Arthur steps out into the hallway to take the call, and by the time he pokes his head back in, two other sets of parents have come in to meet the new teacher. Mrs. and Mr. Edwards are cooing over their little boy's own desk-top drawing, and Mr. Gonzales is asking Eames about his daughter's ability to play with other children. She's an only child, and he's worried that she might be having a hard time learning how to share. Arthur waves his goodbye from the doorway, and Eames waves distractedly back. He's trying to remember whether or not he'd had to tell Nina to get smarter about snagging the toys she wanted if she didn't want to get in trouble about it.

Teacher-parent 'hour' actually runs about an hour and a half. It's a good school district; the parents all care for their little brats, and someone from each family makes an appearance before Eames gets to clean up and leave. That's encouraging. He's got a good class. He'd missed the kids when he was out, if he's honest with himself. Kids have a way of looking at the world, a weird mix of everything being both fascinatingly, wonderfully novel and simple acceptance for the way things were, just because they were. Kids are full of possibilities.

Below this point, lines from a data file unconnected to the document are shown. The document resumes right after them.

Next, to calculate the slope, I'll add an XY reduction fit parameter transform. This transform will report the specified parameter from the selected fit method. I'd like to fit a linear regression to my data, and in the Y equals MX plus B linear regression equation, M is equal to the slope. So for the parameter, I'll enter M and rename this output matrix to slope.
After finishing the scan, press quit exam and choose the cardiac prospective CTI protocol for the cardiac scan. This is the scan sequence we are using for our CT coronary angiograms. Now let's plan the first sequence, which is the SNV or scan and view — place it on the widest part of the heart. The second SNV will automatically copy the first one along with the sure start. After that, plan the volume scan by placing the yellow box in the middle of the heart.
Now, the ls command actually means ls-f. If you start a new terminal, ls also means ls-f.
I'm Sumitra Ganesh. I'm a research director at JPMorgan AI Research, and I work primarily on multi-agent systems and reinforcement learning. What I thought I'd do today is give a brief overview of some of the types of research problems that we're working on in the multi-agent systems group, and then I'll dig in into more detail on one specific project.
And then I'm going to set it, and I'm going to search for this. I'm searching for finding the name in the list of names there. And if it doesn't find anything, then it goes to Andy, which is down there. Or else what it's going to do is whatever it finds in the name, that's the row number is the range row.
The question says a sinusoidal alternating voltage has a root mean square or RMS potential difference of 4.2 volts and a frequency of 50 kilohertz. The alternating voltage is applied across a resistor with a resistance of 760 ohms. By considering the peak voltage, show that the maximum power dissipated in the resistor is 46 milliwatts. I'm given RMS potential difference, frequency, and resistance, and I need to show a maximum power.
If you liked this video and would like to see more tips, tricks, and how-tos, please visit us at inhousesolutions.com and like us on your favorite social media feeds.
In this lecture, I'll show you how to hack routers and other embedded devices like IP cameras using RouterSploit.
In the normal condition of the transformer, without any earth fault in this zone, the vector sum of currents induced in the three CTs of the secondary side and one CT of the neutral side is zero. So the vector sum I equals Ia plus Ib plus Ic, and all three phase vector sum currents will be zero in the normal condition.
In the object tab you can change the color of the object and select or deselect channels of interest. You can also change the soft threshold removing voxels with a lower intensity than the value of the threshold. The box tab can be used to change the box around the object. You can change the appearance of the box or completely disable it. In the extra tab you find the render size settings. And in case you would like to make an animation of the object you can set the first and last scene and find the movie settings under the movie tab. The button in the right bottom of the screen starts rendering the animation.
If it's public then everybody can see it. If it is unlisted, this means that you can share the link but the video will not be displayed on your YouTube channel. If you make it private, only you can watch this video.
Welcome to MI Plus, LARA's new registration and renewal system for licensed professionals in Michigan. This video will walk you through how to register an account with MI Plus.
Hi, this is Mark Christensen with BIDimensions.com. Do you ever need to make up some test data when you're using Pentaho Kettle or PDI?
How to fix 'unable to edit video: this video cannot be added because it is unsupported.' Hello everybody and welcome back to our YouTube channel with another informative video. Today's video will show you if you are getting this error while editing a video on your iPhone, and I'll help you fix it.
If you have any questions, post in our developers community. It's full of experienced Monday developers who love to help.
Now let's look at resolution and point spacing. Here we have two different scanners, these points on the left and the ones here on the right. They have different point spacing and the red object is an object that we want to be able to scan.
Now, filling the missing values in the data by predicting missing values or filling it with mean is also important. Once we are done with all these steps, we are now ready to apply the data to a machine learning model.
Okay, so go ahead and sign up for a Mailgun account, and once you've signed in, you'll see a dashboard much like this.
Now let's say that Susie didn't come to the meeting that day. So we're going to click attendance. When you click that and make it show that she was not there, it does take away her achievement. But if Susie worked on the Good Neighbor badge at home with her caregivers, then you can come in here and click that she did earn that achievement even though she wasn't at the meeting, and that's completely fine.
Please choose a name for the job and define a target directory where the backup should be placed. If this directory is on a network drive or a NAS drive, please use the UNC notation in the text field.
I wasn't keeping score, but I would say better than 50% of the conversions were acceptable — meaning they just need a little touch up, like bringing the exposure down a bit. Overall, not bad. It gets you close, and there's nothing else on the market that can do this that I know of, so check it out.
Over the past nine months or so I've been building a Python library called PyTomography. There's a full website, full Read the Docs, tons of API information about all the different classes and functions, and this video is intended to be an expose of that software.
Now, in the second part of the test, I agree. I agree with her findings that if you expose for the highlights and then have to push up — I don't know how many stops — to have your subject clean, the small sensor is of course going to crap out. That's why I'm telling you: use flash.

Eames calls Yusuf from the parking lot, on the way to the car. He gets the voicemail, as per usual; Yusuf never can be bothered to pick up his phone. "Hey, mate. Just finished up at the school. You want to come 'round for a beer?" He still has lesson planning to do. This, right here, is exactly why Eames got out of teaching two years after graduation. All the fucking lesson planning. It could be worse, he supposes: he could have a tenth grade science class and have grading to do.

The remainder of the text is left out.